__Work to complete__: Repeat only the lines below from the one that contains "Recambio de motor" through the final line, exactly. Omit pictures.

__Material provided__:
┄┄┄┄┄┄┄┄┄┄
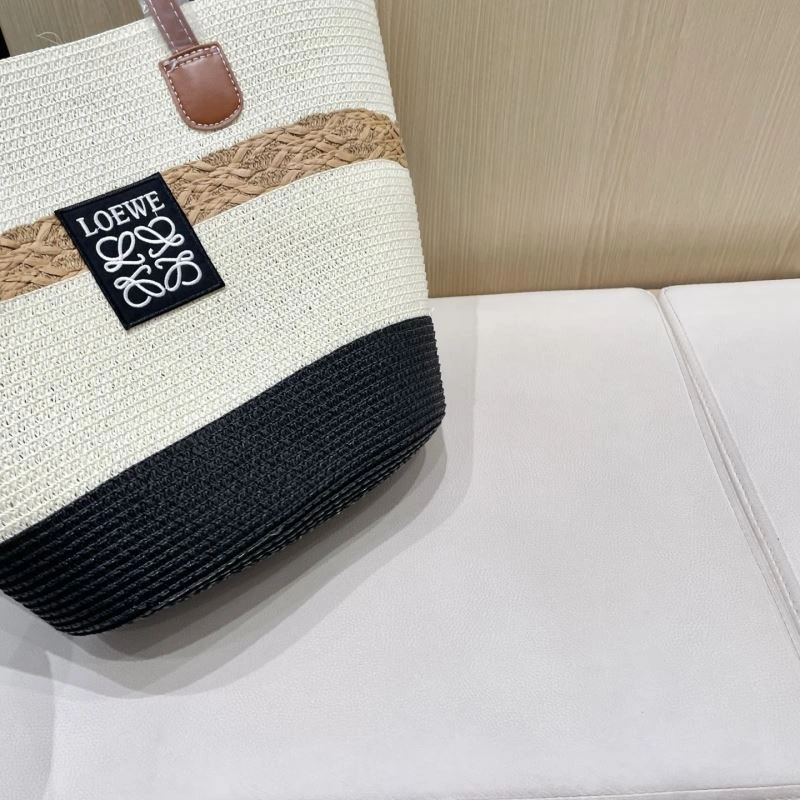 Loewe Bags Youthful 255586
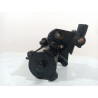 Recambio de motor arranque para ford fiesta (cbk) ambiente referencia OEM IAM 0986022121  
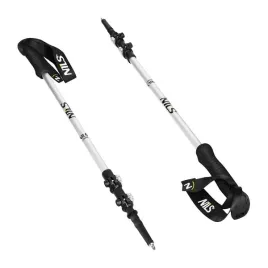 kije-trekkingowe-kijki-do-chodzenia-nordic-walking-regulowane-biale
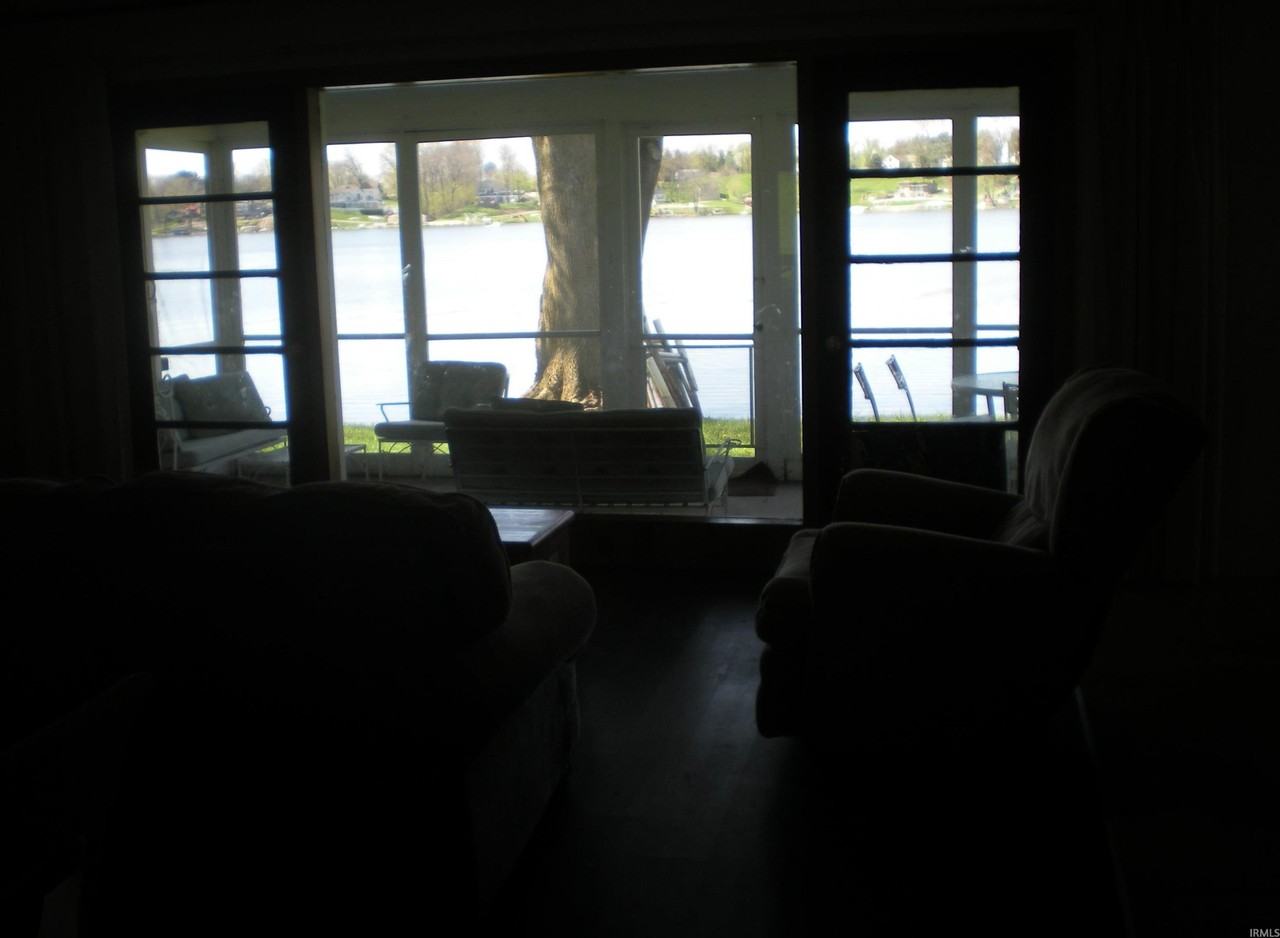 35 Lane 280e Hamilton Lk - Photo 6 of 16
┄┄┄┄┄┄┄┄┄┄
__Task solution__:
 Recambio de motor arranque para ford fiesta (cbk) ambiente referencia OEM IAM 0986022121  
 kije-trekkingowe-kijki-do-chodzenia-nordic-walking-regulowane-biale
 35 Lane 280e Hamilton Lk - Photo 6 of 16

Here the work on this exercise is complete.